WHAT YOU NEED TO DO
Exactly and only the lines below from the one containing "TUNIC MINI DRESS WITH TUCKED DETAIL AT BACK" down to the one containing "NYC Factory Unisex" are wanted, both included; please exclude every picture.

PROVIDED RECORDS
◆ ◆ ◆ ◆ ◆ ◆ ◆

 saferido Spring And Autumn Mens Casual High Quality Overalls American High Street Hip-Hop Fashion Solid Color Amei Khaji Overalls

◆ ◆ ◆ ◆ ◆ ◆ ◆

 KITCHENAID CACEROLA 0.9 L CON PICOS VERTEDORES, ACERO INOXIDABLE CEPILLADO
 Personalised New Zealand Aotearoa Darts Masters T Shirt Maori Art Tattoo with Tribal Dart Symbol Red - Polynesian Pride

◆ ◆ ◆ ◆ ◆ ◆ ◆

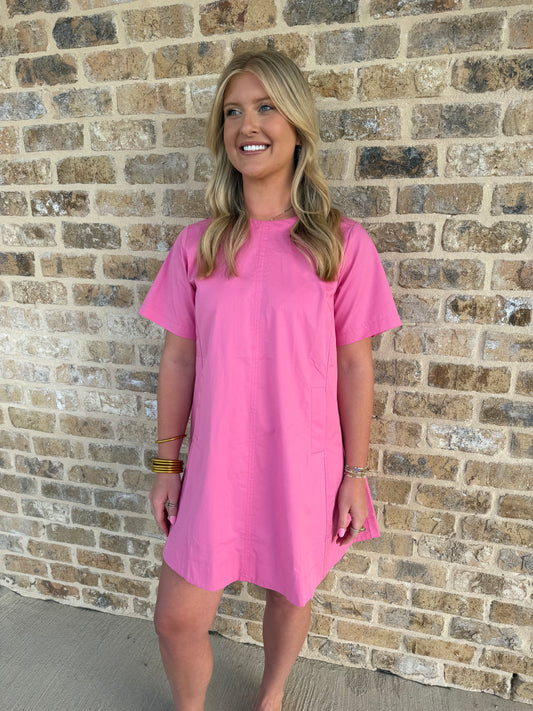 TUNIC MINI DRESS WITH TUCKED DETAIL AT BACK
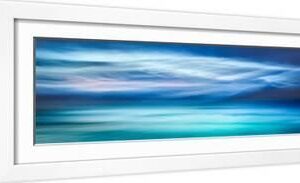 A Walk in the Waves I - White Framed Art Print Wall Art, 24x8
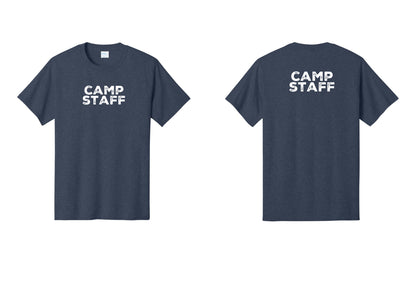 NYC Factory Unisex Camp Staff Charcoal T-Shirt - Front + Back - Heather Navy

◆ ◆ ◆ ◆ ◆ ◆ ◆

EXERCISE SOLUTION
 TUNIC MINI DRESS WITH TUCKED DETAIL AT BACK
 A Walk in the Waves I - White Framed Art Print Wall Art, 24x8
 NYC Factory Unisex Camp Staff Charcoal T-Shirt - Front + Back - Heather Navy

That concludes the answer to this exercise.